Leah smoothed her linen pencil skirt and sleeveless silk top. At least Celia, with her hoop earrings and brightly patterned head wraps, had a sense of style.

“Cele,” cut in a wardrobe girl with a muslin mockup of a shirt folded over her shoulder. “Which has better costumes,
Gone with the Wind
or
Magnificent Ambersons
?”


GWTW
, child!”

“How ’
bout you?” the wardrobe girl asked Leah.

“I haven’t seen
Ambersons
, and I fell asleep during Charlotte’s tea party.”

Celia threw her head back and laughed. “It’s Scarlett, not
Charlotte!”

“. . .
not even talking heads—it was all Kilroys and nostril shots,” the man behind them said as Celia and the wardrobe girl left with their trays. Leah wrote “Magnificent Ambersons” in her script. It must not have been by one of Simon’s favorite directors, whom she had taken notes on in preparation for this trip: Jacques Tourneur, John Cassavetes, Stanley Kubrick.

A pair of interns passed her on their way to the lunch line: “What’s up with the Karen and Simon action? Have you seen how she looks at him?”

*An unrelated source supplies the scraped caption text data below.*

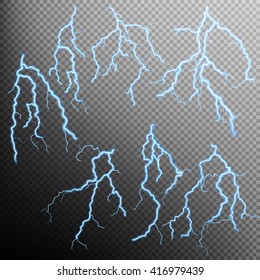 Set of Blue lightning flash effect on transparent background. EPS 10 vector file included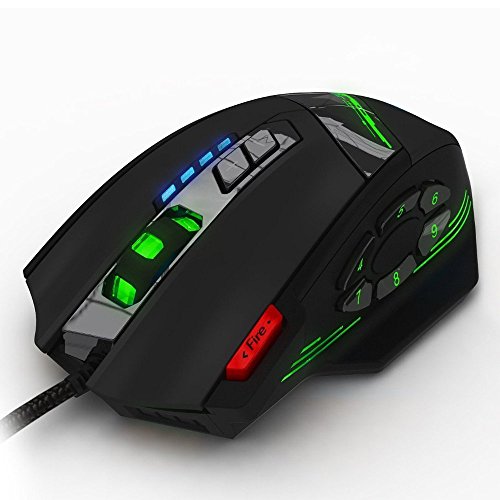 Zelotes Gaming Ratón,12 Botones Ratón Gaming Programable,4000 dpi Mouse,negro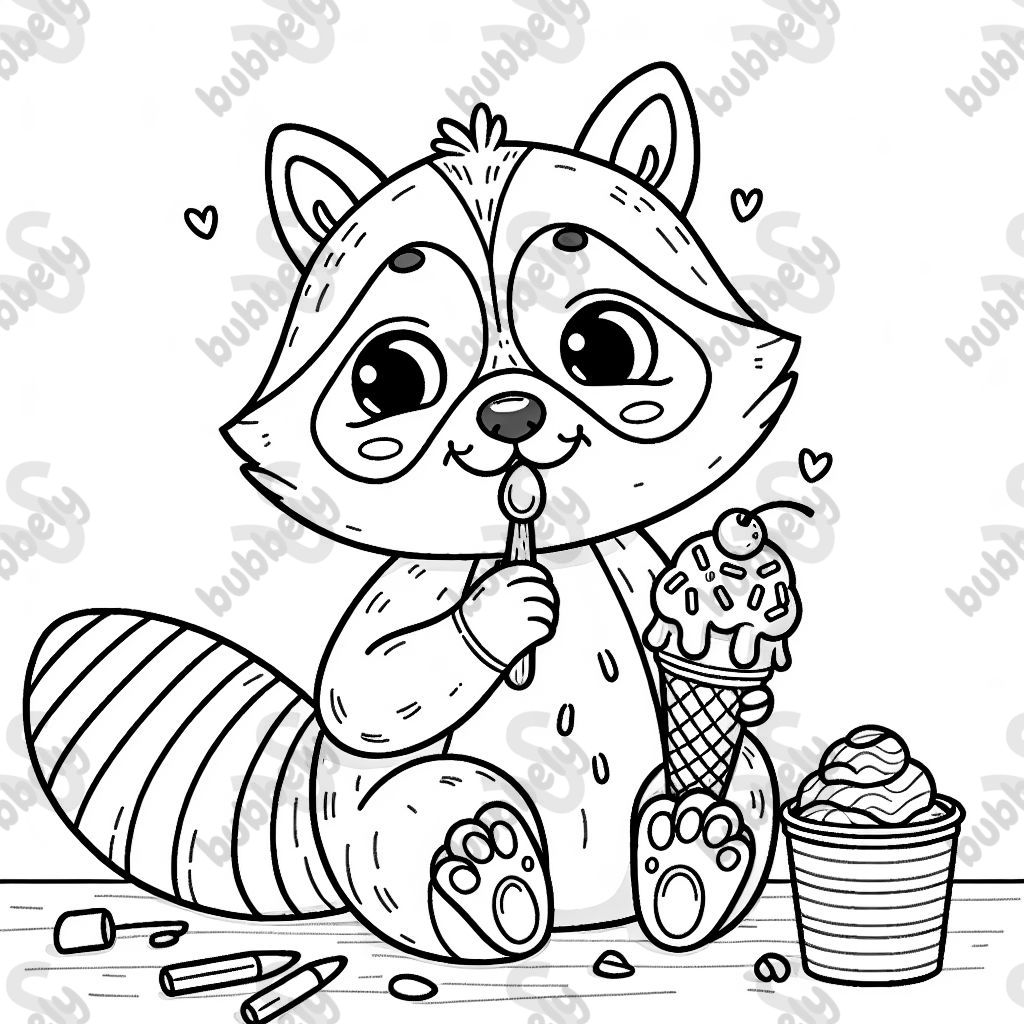 a raccoon eating an ice cream with sprinkles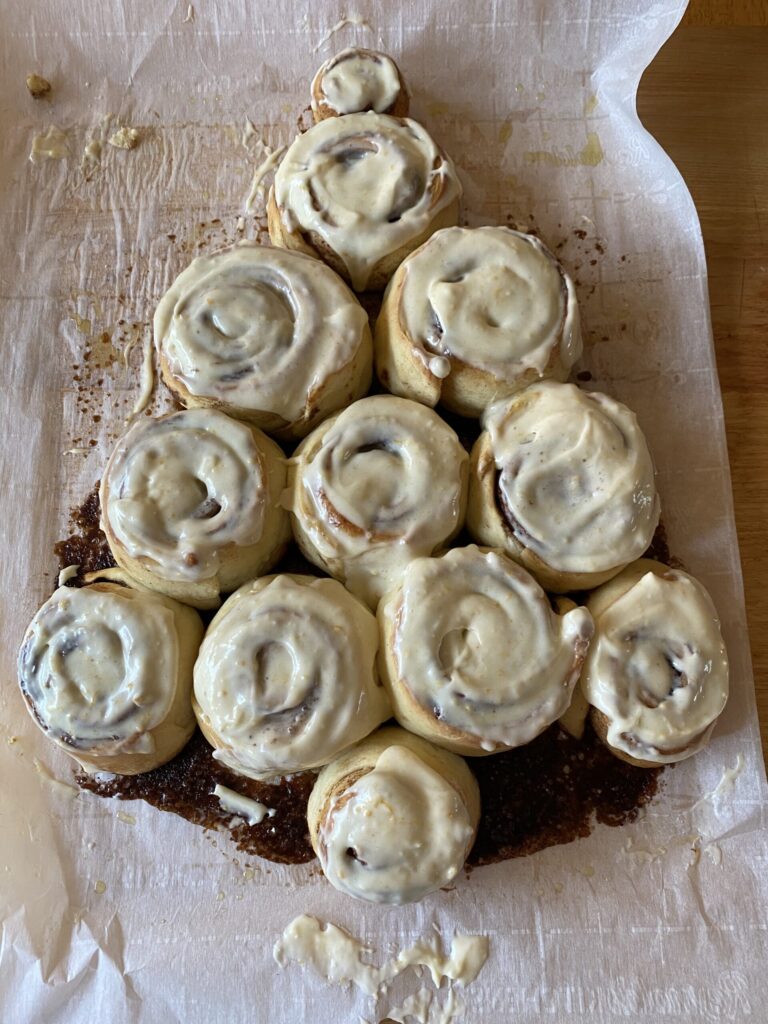 birthday tradition ideas. Image of cinnamon rolls in the shape of a Christmas tree. 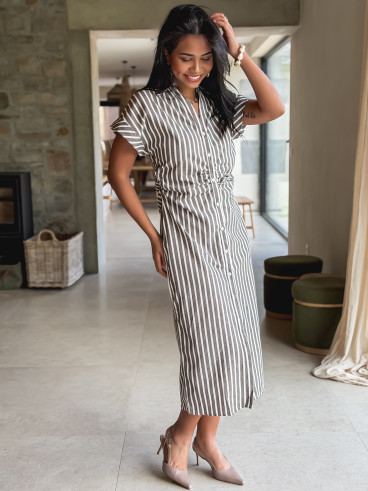 Robe longue lignée Kayna - Marron Robe longue lignée Kayna - Marron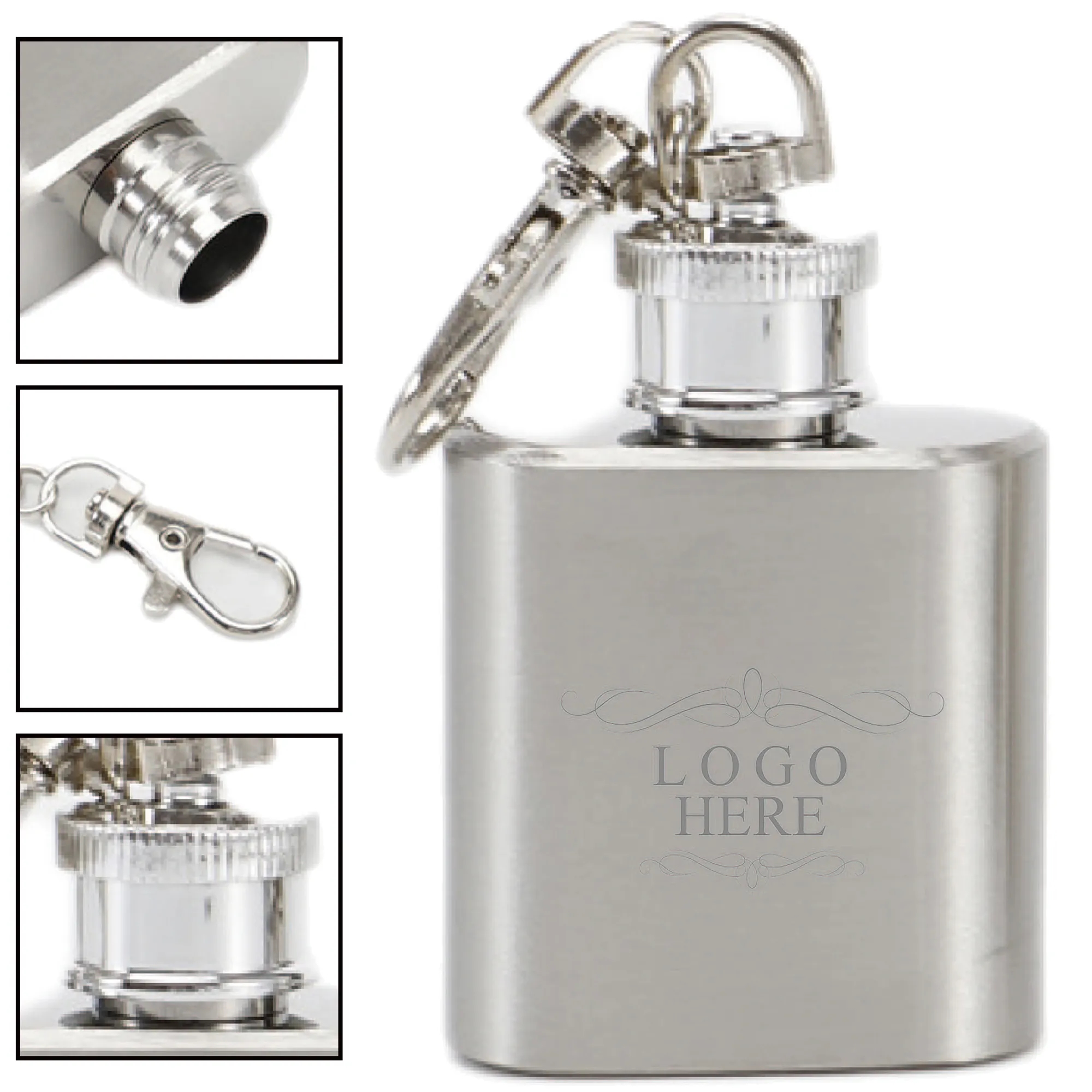 Custom Printed Stainless 1 Oz. Steel Flask Key Chain 2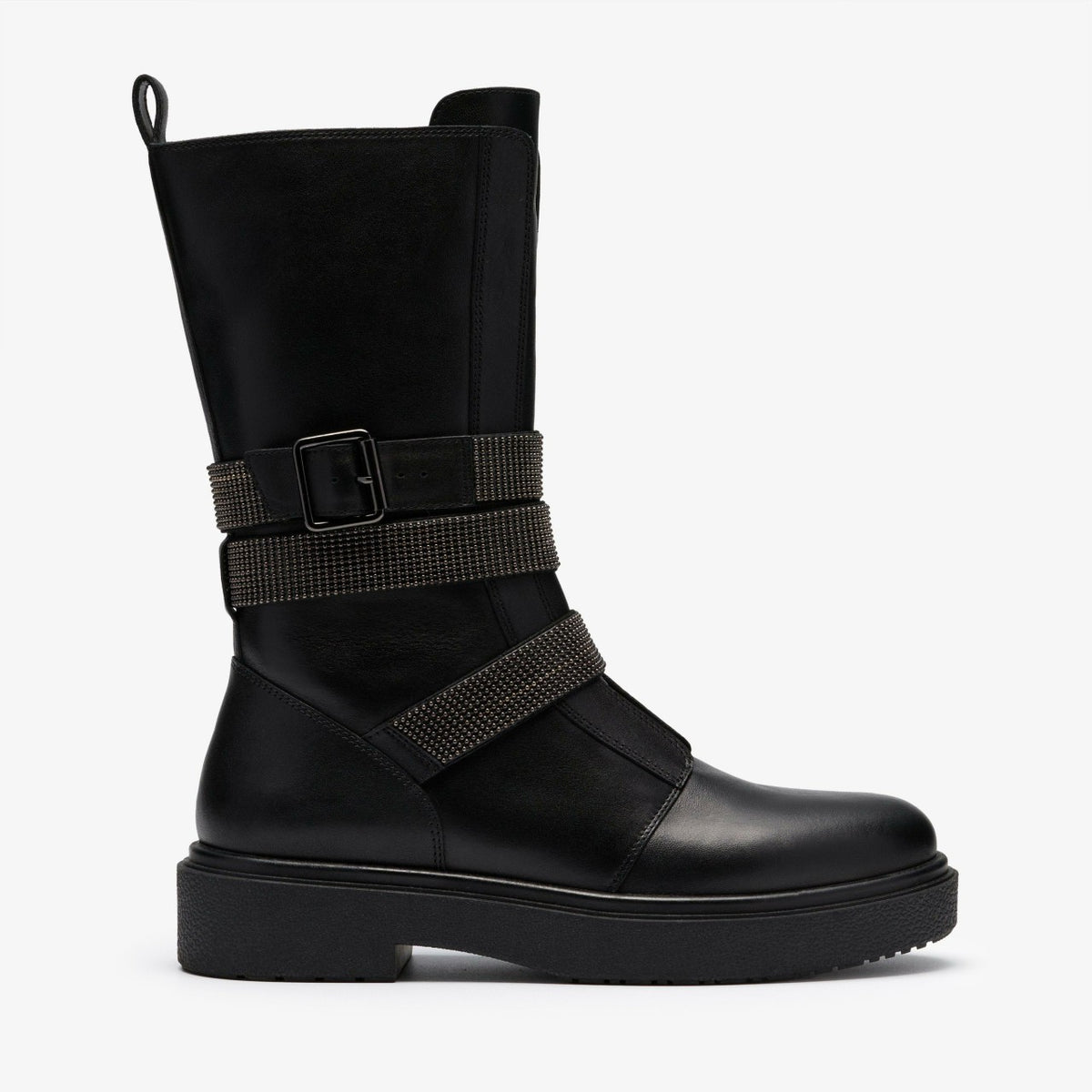 Muster Chain Black Leather | Clarks for sale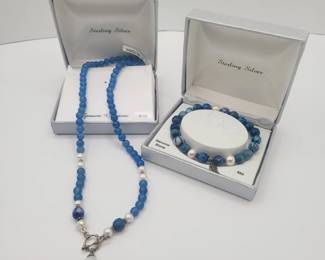 80 SterlingSilverDyedAgatePearlJewelrySet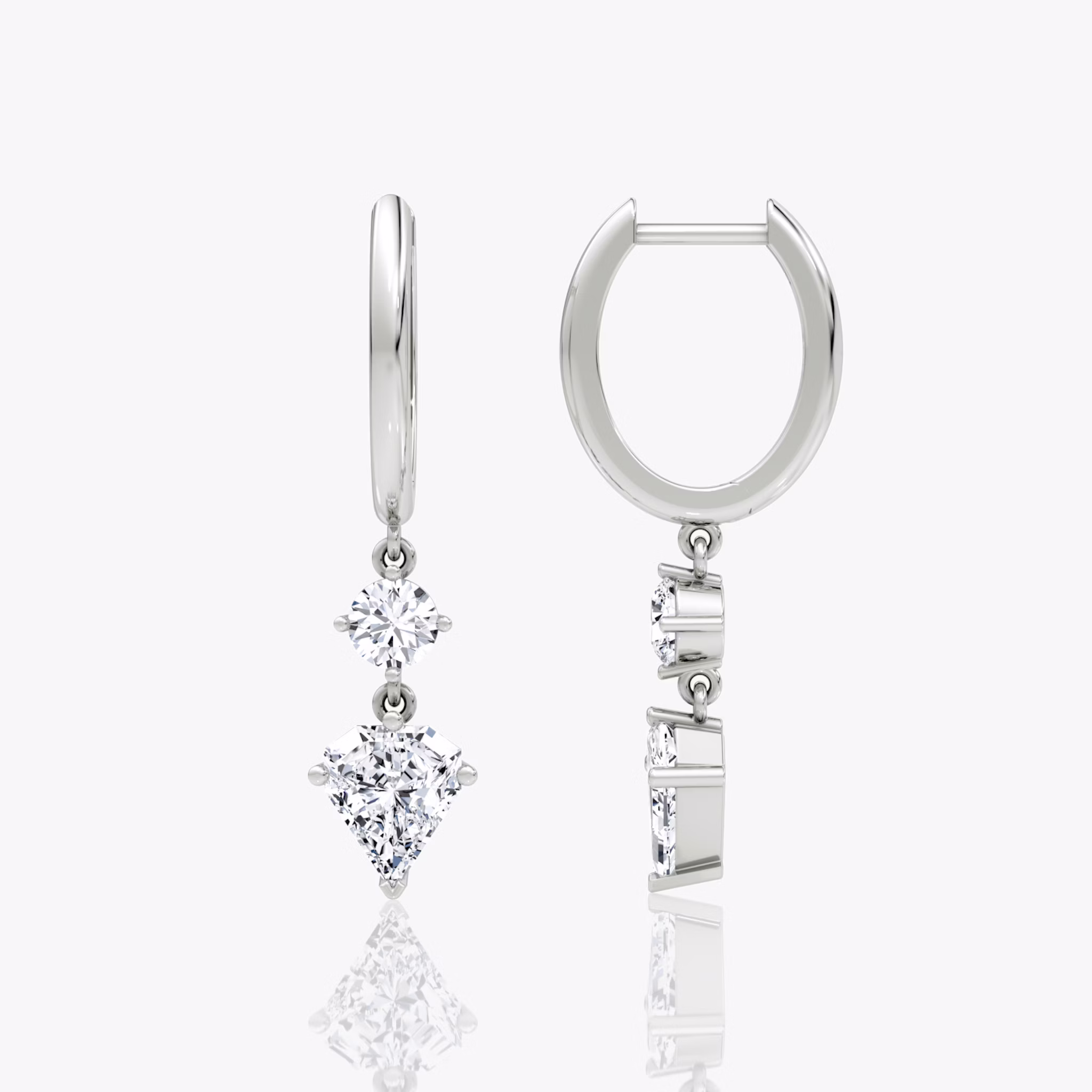 Duo Shield Drop Hoop | Shield | 14k | White Gold | diamondtype: round-brilliant+shield | hoopAccent: Plain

“That’s not the only thing she craves—Little Miss Macrobiotic sent her assistant to the store at two in the morning to get her a pint of fudge ripple.”

Gossip. Leah had been the target of whispers in school,
a mixture of childish nonsense and full-grown hate in the form of slashed tires on her bicycle, rocks thrown at her back, “HORE” written on her book bag in indelible ink.
Her name’s not Leah, it’s Lay-ya . . . Lay-ya Slutterson, skank of the school.
A few years of this and she also saw the jealousy of the girls, the suppressed fear of the boys who shouted requests for blow jobs without knowing what oral sex was, let alone how to spell
whore
.

She never learned the reason for the slur campaign
. Perhaps it was being the first one to smoke or the way she looked boys in the eye instead of blushing at the ground.

Leah returned to her hotel room that night with bags of new
clothes—cotton sun dresses, T-shirts, track suits. Someone had shoved a revised copy of the schedule under her door, and it showed that the Julia–Blake fight rehearsal, her first one with Simon, had been moved to the day after tomorrow. Her breath seized in her throat, and she sat down.

Was it possible that she would not get a chance to talk to Simon before then? And if so
, then . . . what? Give up and go home to Seattle?

Maybe she had finally gone too far
. Delilah had warned her to never take too much at a time. To respect her subject’s limits even when he did not respect himself.

Unnatural, that’s what she was. Maybe that was what her schoolmates had sensed when they started the whispers about her:
Leah traded blow jobs for cigarettes, Leah took off her clothes and masturbated behind the playground fence for anyone who asked, Leah had sex with the whole football team after the homecoming game.

Hadn’t she since learned that if people gave her a legendary reputation, legend was hers to grasp? Hadn’t she learned that archetypes manifested because they were real?